Repeat the records verbatim and leave the pictures out of your copy.
________________
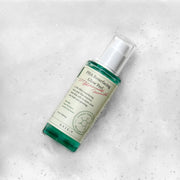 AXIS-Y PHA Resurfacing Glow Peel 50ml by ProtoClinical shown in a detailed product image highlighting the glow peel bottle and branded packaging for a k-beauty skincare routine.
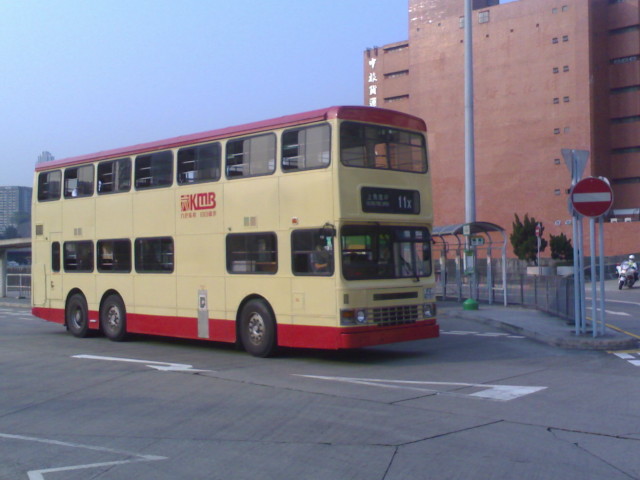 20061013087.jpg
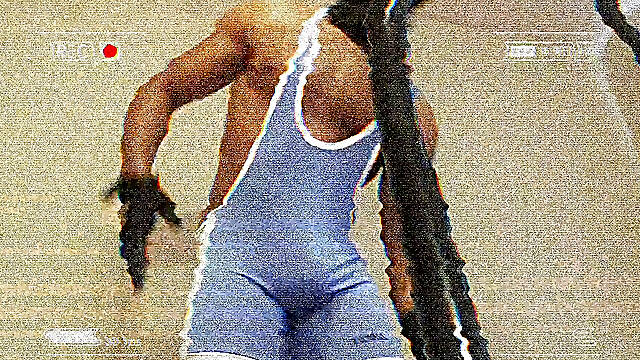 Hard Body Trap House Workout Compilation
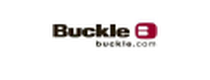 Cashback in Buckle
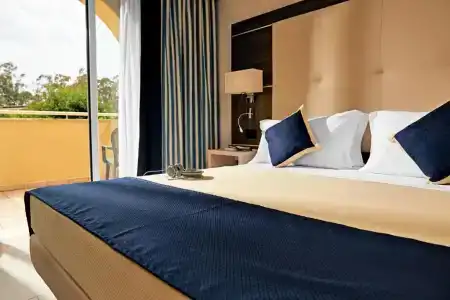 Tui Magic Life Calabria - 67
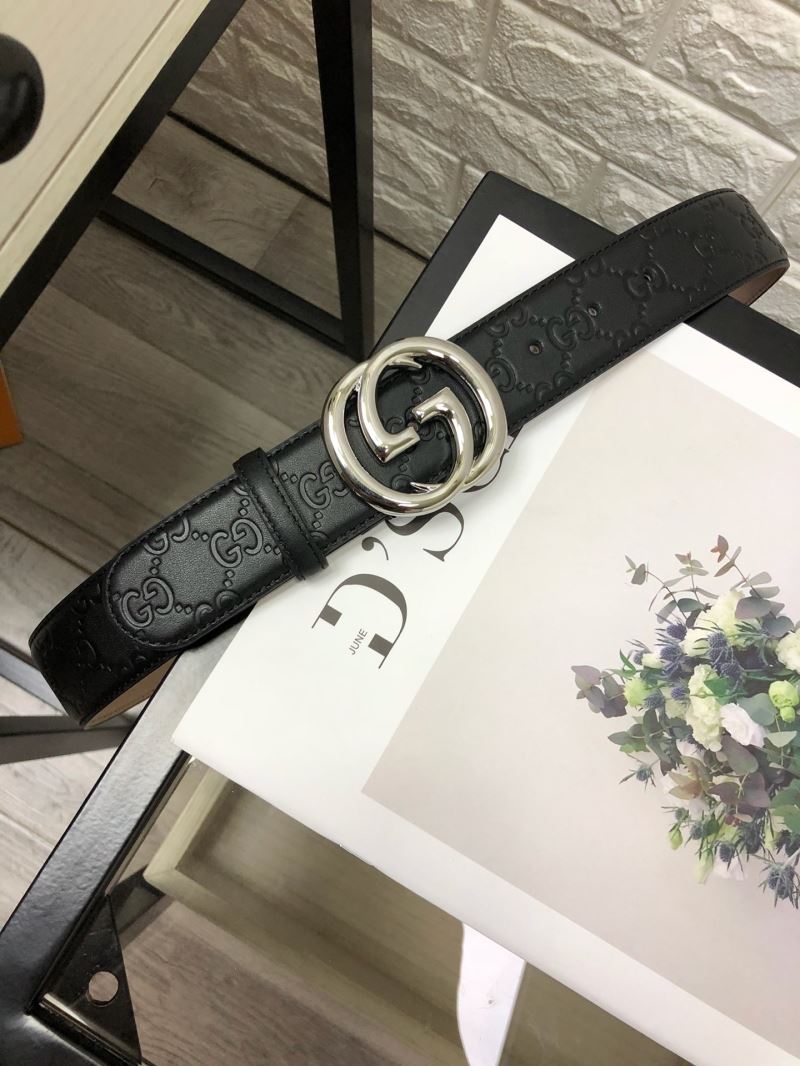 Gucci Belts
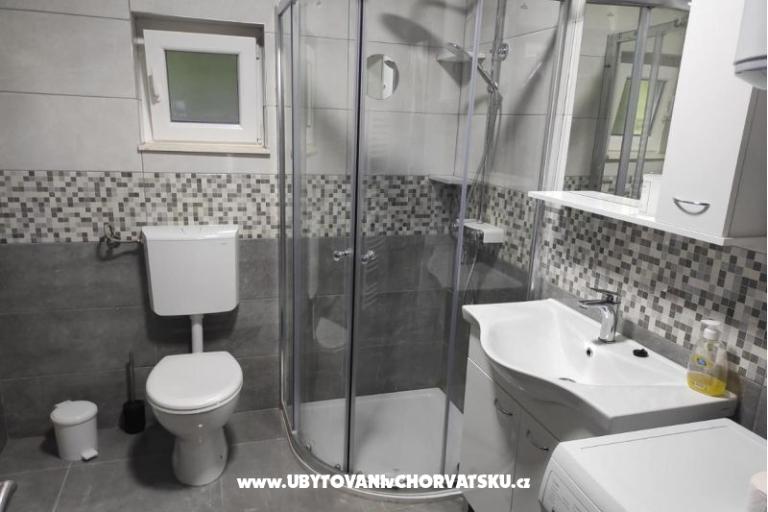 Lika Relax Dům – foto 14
________________
_EXPECTED ANSWER_:
 AXIS-Y PHA Resurfacing Glow Peel 50ml by ProtoClinical shown in a detailed product image highlighting the glow peel bottle and branded packaging for a k-beauty skincare routine.
 20061013087.jpg
 Hard Body Trap House Workout Compilation
 Cashback in Buckle
 Tui Magic Life Calabria - 67
 Gucci Belts
 Lika Relax Dům – foto 14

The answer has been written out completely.